Panelist David Grande, MD, MPA, an Assistant Professor at Penn’s Perelman School of Medicine and Director of Policy at the Leonard Davis Institute of Health Economics (LDI) said one of the worries that keeps him awake at night is the fate of Medicaid.
Lost in the shuffle
“I think there has been so much attention to everything related to the marketplaces and exchanges that discussions about the Medicaid programs have gotten lost in the shuffle,” said Grande.
“Medicaid is certainly in the crosshairs in terms of whether it will continue to exist in the form that it exists today, whether it will be shifted more heavily to the states, or whether populations that have benefited from creating a more universal income eligibility standard will be shifted over to the private insurance market. What happens to the Medicaid program matters a whole lot and impacts people who are some of the most vulnerable populations in our health care system.”
Panelist Mark Pauly, PhD, — the nationally renowned Wharton School health economist who pioneered several of the concepts upon which the ACA was based — pointed out that news stories never mention that only three percent of the population acquires insurance through the ACA exchanges and that repeal will have little effect on health insurance acquisition beyond that group.
Pauly went on to say that he personally favors the ACA’s central premise because “I figure it’s going to cost me about two grand more in taxes but I thought that would buy me a clean conscience because the number of uninsured would be greatly reduced and that’s what I’ve been worried about.”
Panelist Scott Harrington, PhD, a Wharton School Professor of Health Care Management, suggested reporters pay closer attention to the details of ACA replacement proposals. He noted that the pre-existing condition exclusion that the ACA eliminated was a key political issue.

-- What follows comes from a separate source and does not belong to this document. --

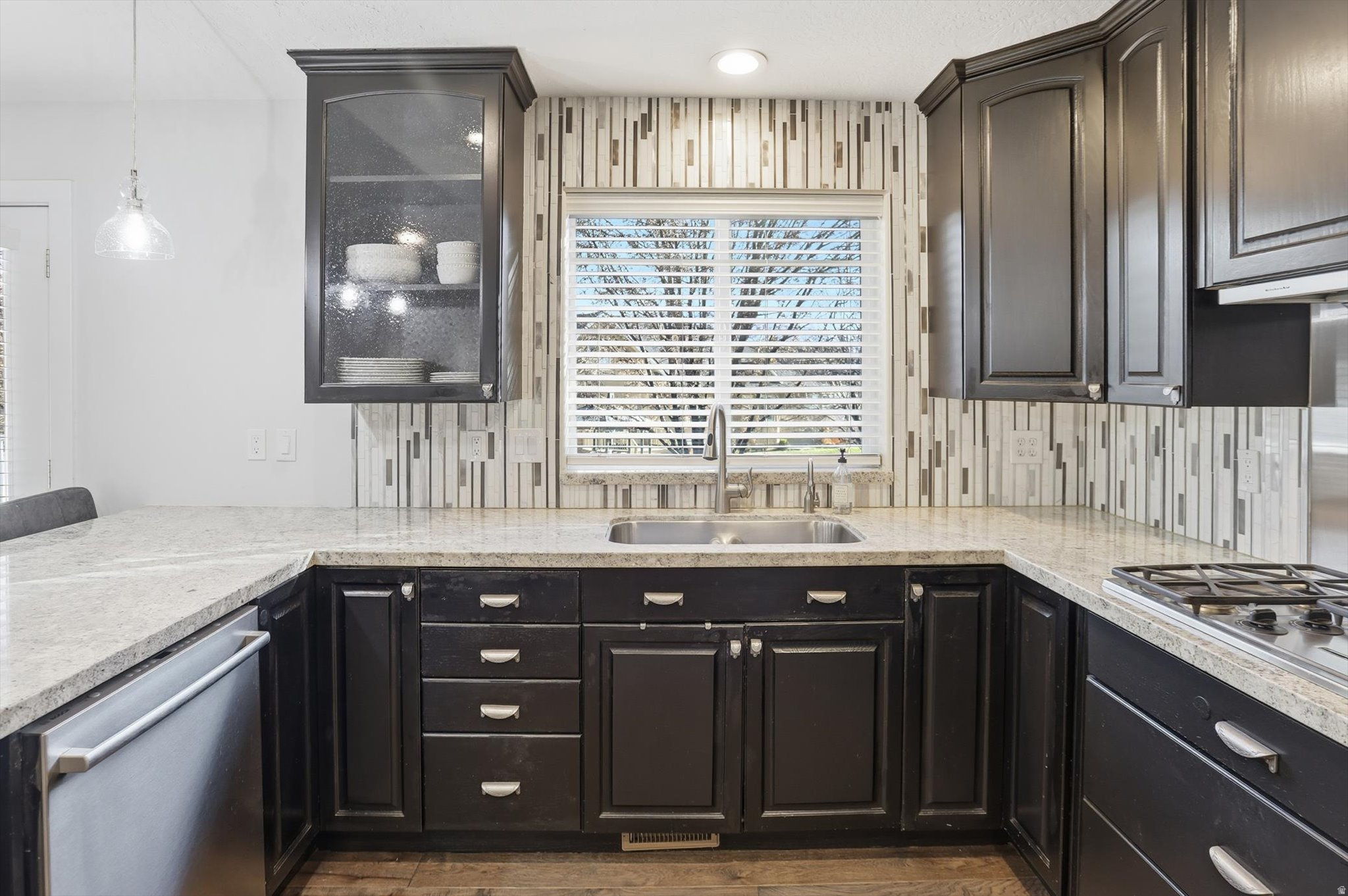 SOUTH JORDAN ESTATES - Residential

Harrington said that the “Better Way” replacement proposal favored by Speaker of the House Paul Ryan and HHS Secretary nominee Tom Price takes a different “continuous coverage” approach. It would enable people to purchase standard coverage with no pre-existing condition exclusions. But then, if consumers either did not buy insurance or did not continue to stay insured they’d face a different situation at a later date when they did try to purchase coverage.
“They would likely face insurance ratings based on health status and they might face exclusions and long waiting periods,” Harrington said.
The safety net for such people would be a separate high risk pool system. That system would be funded by the individual states rather than by raising rates in the larger and completely separate continuous coverage market.
Harrington pointed out that “if that model is to be effective, you’re going to need a lot of money. The latest reports say it might take $15 to $20 billion annually to make high risk pools at the state level functional.”